La stagione successiva fa centro 14 volte e a quel punto è già nel mirino delle grandi. Nel 2007 è praticamente già dell’Inter, vacilla quando arriva la chiamata di Berlusconi che quasi riesce a portarlo in rossonero ma alla fine decide di vestire il nerazzurro.
A Milano trova un mondo diverso: concorrenza feroce, ritmi da squadra che deve vincere tutto, infortuni che lo rallentano. Eppure lascia il segno quando serve, da comprimario di lusso: 8 gol in campionato, con la sua firma sullo scudetto assieme a quelle di Ibra, Crespo, Cruz. Passa al Benfica, dove ritrova un po’ di leggerezza e qualche scatto dei suoi, poi torna in Italia tra Genova e Catania per chiudere una carriera fatta di lampi, di improvvisi bagliori, di un talento che – quando si accendeva – cambiava l’equilibrio del campo.

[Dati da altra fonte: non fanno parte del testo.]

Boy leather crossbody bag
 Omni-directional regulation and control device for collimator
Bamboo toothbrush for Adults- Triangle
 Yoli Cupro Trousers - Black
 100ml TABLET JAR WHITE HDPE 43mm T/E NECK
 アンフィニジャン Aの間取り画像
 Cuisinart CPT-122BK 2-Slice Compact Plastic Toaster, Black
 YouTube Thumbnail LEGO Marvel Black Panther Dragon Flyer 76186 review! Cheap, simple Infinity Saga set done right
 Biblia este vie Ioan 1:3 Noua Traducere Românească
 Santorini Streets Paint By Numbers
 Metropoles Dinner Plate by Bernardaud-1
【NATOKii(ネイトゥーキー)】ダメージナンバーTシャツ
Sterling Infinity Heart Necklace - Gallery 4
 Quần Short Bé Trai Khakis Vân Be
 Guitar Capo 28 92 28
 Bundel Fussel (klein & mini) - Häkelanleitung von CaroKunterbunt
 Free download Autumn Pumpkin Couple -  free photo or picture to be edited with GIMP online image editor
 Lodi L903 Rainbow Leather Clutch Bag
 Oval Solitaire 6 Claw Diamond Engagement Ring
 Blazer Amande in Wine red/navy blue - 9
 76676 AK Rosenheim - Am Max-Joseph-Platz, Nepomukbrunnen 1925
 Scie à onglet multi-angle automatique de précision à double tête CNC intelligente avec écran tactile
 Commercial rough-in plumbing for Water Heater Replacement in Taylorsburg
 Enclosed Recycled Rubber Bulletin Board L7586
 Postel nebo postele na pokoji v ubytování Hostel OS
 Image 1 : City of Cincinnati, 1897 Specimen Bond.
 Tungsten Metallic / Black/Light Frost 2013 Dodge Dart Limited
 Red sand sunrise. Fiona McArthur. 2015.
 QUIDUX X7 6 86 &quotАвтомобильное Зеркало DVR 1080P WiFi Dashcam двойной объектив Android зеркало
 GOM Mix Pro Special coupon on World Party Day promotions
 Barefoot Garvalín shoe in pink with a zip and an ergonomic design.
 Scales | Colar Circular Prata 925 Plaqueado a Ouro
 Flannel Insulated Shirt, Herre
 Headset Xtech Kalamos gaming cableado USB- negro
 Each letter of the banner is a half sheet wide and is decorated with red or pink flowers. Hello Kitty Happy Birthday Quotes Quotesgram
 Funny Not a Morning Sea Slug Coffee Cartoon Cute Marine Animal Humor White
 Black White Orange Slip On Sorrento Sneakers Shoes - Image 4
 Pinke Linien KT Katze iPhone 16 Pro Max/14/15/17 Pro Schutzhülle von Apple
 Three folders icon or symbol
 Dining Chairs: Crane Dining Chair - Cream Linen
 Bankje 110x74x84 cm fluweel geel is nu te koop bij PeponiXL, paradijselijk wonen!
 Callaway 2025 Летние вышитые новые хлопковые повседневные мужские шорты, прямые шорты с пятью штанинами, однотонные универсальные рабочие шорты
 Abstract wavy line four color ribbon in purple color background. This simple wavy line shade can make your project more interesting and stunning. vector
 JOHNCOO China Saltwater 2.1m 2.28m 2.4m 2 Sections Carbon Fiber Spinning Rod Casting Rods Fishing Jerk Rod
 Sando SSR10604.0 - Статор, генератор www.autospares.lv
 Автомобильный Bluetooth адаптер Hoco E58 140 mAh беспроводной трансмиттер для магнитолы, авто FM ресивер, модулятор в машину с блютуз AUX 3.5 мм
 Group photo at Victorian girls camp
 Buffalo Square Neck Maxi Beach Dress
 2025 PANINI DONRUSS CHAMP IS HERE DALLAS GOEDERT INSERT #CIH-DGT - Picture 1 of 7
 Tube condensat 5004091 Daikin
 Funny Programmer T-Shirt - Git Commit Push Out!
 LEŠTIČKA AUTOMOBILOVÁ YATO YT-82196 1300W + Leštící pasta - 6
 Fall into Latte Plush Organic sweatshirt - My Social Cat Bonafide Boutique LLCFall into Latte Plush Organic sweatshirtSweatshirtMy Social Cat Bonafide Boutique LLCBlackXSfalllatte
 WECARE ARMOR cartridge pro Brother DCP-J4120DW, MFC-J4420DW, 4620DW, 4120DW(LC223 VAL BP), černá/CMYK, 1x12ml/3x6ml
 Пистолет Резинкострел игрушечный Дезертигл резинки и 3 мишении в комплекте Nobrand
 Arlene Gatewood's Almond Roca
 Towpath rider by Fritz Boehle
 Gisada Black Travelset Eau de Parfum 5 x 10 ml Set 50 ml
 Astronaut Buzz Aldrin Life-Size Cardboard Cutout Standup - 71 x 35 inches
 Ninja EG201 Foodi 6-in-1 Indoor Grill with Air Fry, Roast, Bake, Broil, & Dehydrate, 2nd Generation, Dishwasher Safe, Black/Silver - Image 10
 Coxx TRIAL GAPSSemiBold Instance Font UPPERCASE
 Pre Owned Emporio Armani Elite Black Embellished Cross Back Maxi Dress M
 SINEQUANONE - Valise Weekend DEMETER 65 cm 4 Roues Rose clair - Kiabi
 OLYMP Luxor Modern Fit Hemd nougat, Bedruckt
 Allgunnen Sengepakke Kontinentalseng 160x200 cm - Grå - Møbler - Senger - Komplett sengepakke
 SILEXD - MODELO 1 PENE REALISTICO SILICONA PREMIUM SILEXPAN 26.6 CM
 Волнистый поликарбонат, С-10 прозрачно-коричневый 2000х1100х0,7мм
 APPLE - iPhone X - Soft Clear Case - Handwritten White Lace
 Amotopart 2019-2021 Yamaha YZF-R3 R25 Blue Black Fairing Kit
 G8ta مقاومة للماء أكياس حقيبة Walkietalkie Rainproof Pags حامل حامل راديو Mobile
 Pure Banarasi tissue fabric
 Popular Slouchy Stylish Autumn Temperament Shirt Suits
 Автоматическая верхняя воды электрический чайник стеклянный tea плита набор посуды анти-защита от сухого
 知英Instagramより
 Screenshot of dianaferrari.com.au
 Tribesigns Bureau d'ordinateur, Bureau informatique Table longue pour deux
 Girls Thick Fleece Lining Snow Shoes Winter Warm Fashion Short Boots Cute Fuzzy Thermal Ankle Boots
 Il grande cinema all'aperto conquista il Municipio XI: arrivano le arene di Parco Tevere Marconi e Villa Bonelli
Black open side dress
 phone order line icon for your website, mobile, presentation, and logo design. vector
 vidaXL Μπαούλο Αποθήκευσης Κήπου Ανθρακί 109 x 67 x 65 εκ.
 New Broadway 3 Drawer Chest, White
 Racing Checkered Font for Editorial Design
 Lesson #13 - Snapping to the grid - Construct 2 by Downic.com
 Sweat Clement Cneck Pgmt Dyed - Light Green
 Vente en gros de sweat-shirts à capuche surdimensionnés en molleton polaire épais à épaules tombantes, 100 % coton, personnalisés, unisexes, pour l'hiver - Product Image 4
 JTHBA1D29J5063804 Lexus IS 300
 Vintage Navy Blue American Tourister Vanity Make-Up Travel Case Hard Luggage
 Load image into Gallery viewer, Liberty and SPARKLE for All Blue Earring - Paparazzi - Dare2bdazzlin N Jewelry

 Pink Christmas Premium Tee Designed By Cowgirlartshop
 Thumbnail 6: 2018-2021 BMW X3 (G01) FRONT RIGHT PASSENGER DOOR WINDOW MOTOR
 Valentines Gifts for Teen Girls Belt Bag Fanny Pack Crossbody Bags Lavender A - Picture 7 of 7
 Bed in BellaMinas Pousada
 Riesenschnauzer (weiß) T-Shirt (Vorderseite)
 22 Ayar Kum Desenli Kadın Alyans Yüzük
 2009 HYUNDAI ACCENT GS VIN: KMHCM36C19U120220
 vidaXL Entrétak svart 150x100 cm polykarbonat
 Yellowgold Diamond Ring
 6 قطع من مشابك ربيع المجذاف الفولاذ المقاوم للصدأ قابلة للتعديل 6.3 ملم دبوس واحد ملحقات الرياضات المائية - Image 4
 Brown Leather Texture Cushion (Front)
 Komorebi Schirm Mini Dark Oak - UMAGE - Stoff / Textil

Finito il calcio giocato, Suazo non ha tagliato il cordone. Ha iniziato ad allenare, prima nelle giovanili del Cagliari, poi in panchine difficili e coraggiose, come Brescia e Carbonia. Ha studiato, si è aggiornato, ha mantenuto quello stile discreto che lo accompagnava anche da calciatore. Mai sopra le righe, mai una parola inutile, sempre un passo indietro rispetto al proprio ego. Forse per questo in Sardegna, ogni volta che torna, il suo nome suscita ancora un affetto che pochi stranieri hanno conquistato.
E mentre il tempo scorre, la storia sembra voler fare un giro completo. Uno dei suoi figli, David Edoardo, ha appena firmato con l’Altamura. Un’altra ripartenza, un’altra corsa da inseguire. Le cronache lo descrivono come un attaccante diverso dal padre, meno esplosivo, più strutturato. Ma il cognome porta un’eco, e quell’eco è identità. Sarà il campo a dire se raccoglierà l’eredità o se ne costruirà una nuova. David, intanto, guarda senza spingere: “Lasciatelo crescere”, ha detto. Magari rivedendo quella doppietta di vent’anni fa quando era incontenibile…e quel gesto della culla, dedicato proprio a David Edoardo.